This contrasts with, say, Vladimir and Estragon in Waiting for Godot, as the two tramps have subtle differences in their personalities.

Albeit the preponderance of dissimilar duos in various cultures, almost identical duos also exist ubiquitously. (Say Thompson and Thomson in Tintin, Tweendledum and Tweendledee in Alice) And the similarity is, it seems to me, correlated with a comic effect. Whereas in dissimilar duos this comic effect seem weaker.

Please explain why a correlation between similar duos in narrative works and comic effect exist.

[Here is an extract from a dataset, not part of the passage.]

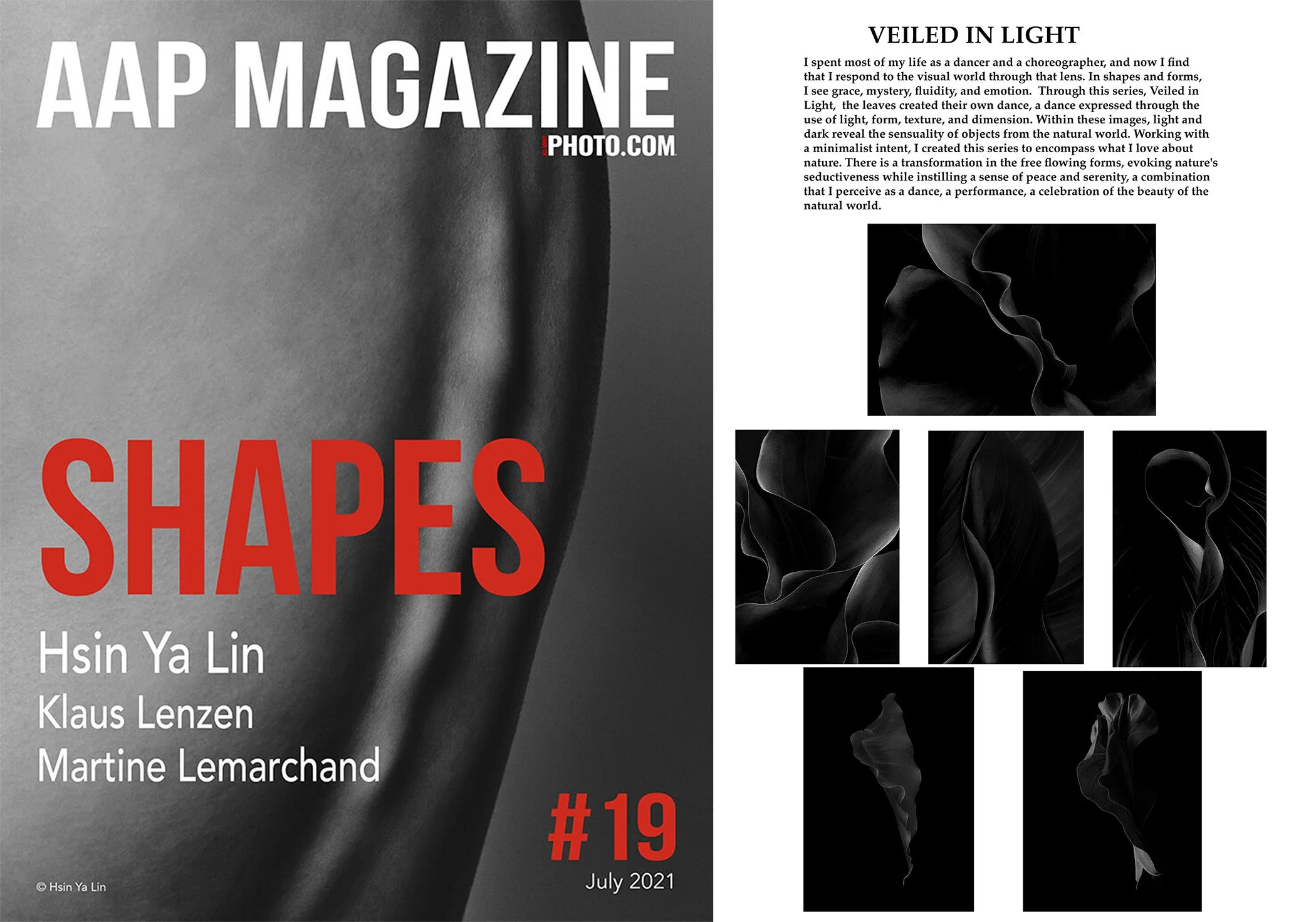 2021_AAP_Shapes__19_Publication_.jpg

The OP, nonetheless, is not satisfied with terms from literary criticism such as 'tension' or simplistic justification such as 'it's funny how they act exactly like each other'.

Edit: the Shakespearean duo is never intended to be the centre of my question. They are used merely to illustrate the preponderance -- and basic function -- of comic identical duos. (The 'comic' effect is not so strong here, yet the duo are alienated and their death is hardly mourned in the play, which somewhat amounts to a comic supplement to the pathos)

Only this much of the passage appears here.